**TO DO**
Where does the word "Studio" show up in the records? Copy every line that holds it.

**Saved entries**

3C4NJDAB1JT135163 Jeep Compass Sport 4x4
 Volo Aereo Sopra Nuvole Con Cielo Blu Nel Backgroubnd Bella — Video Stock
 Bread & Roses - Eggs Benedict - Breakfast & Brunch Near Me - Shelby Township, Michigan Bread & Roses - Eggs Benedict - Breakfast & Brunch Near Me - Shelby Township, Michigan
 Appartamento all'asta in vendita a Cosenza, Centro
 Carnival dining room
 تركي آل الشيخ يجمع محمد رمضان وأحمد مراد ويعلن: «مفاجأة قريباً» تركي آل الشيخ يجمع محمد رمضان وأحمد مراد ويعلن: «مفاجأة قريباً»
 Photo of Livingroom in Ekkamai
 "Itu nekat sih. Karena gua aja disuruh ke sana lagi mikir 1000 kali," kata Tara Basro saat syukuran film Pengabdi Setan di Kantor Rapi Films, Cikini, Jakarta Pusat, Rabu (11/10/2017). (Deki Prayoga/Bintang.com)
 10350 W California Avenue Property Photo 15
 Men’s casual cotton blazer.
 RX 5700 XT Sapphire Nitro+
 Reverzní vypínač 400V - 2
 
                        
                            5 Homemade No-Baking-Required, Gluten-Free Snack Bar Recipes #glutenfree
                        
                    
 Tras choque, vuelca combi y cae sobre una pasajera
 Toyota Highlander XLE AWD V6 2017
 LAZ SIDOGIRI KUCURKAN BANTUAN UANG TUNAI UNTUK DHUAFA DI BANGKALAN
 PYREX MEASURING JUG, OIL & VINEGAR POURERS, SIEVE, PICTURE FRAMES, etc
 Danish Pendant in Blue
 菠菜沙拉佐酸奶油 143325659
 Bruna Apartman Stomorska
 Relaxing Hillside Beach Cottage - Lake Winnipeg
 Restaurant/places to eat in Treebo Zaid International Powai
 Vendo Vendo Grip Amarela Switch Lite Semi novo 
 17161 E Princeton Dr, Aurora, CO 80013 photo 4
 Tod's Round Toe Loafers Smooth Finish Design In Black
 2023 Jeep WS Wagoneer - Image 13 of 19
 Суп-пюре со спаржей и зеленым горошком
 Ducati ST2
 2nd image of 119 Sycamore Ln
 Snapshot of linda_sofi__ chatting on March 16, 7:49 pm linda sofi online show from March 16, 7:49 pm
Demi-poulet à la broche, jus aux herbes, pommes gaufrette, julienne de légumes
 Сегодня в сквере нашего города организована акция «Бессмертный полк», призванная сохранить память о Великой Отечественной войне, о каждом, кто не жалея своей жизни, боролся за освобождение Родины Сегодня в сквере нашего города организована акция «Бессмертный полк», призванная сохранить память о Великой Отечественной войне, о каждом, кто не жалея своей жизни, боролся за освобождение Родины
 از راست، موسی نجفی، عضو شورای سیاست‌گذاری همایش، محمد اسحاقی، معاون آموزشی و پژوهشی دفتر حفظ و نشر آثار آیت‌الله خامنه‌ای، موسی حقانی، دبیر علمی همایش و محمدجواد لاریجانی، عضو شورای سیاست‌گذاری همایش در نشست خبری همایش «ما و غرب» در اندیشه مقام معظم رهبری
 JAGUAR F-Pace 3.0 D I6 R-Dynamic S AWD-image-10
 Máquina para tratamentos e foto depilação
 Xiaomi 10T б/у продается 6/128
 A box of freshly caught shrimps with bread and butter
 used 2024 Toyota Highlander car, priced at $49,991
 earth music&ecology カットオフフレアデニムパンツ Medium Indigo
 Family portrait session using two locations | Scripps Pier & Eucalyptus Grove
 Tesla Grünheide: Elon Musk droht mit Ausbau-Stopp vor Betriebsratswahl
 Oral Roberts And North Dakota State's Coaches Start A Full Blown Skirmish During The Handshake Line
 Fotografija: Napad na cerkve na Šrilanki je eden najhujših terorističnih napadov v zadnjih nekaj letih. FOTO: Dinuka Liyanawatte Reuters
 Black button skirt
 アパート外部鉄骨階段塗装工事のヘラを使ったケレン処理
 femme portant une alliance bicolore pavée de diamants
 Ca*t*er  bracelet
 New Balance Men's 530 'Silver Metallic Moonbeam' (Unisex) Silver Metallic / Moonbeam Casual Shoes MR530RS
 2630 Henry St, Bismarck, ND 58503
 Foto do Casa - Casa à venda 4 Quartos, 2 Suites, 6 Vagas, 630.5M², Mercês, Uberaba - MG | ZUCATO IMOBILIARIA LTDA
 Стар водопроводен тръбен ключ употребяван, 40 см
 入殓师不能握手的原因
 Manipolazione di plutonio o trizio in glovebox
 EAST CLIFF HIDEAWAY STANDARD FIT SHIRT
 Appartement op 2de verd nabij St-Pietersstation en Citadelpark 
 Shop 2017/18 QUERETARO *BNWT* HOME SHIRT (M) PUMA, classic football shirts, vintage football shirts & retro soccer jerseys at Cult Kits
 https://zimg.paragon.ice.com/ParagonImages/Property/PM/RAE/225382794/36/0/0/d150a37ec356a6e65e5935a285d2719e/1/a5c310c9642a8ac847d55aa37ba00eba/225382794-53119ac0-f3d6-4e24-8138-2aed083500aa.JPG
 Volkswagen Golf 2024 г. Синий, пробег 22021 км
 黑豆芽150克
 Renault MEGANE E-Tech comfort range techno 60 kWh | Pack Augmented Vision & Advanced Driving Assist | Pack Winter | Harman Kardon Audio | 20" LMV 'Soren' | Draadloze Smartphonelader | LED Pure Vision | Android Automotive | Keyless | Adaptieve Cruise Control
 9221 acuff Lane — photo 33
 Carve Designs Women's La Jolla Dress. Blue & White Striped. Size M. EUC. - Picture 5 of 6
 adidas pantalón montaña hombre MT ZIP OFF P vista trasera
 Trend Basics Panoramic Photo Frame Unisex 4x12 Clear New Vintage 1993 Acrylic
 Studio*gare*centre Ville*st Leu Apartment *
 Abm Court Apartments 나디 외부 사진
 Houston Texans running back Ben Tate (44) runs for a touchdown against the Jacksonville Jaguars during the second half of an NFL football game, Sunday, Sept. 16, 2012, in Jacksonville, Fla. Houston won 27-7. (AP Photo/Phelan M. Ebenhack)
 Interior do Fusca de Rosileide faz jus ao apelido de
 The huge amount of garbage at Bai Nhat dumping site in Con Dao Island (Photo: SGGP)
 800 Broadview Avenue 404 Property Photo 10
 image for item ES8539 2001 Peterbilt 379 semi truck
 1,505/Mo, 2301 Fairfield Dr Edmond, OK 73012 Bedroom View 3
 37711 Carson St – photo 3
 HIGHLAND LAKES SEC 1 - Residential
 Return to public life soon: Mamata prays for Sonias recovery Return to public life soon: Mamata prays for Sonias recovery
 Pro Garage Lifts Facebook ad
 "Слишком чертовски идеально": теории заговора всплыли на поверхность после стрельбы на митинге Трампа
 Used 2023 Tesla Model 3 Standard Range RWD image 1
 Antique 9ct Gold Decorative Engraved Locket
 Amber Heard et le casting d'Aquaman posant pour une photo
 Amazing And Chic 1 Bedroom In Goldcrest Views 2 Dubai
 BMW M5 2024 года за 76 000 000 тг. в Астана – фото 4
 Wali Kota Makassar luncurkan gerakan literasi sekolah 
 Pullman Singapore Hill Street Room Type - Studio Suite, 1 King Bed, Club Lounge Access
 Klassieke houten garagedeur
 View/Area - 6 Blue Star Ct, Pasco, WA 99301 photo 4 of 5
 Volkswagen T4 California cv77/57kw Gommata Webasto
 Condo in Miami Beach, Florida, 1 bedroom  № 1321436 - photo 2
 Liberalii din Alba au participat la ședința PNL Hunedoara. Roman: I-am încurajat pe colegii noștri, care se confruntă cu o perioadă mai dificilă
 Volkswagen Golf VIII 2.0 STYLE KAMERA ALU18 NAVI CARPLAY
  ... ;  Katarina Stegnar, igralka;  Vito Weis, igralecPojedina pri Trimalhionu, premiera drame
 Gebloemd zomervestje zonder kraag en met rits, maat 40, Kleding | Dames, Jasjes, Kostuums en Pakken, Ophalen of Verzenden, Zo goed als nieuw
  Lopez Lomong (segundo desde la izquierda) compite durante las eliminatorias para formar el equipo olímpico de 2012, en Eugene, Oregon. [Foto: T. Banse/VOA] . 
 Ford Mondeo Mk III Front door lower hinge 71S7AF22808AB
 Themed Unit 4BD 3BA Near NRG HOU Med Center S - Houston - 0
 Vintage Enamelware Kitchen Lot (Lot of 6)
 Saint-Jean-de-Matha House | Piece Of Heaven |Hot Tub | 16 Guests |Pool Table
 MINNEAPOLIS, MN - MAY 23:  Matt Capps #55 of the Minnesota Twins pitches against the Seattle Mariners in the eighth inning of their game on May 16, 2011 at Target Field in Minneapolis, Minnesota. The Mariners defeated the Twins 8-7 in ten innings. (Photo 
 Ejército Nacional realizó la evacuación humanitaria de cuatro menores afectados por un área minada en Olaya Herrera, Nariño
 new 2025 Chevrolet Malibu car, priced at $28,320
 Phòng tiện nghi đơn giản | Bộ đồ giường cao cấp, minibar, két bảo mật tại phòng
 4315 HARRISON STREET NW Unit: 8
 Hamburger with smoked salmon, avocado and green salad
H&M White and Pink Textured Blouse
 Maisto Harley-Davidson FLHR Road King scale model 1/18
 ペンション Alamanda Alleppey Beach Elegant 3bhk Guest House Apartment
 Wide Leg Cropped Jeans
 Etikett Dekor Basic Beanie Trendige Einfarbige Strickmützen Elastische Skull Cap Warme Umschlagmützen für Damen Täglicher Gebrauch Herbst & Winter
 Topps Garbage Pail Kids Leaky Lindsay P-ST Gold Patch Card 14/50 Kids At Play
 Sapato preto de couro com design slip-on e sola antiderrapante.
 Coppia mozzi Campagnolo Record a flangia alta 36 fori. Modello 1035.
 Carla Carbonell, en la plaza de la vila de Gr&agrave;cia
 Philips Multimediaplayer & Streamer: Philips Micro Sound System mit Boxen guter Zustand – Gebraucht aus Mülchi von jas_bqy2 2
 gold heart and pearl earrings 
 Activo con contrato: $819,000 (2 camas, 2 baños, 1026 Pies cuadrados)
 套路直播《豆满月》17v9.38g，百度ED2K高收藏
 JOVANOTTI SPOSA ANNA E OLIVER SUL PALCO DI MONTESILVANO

**PROBLEM SOLUTION**
 Studio*gare*centre Ville*st Leu Apartment *
 Pullman Singapore Hill Street Room Type - Studio Suite, 1 King Bed, Club Lounge Access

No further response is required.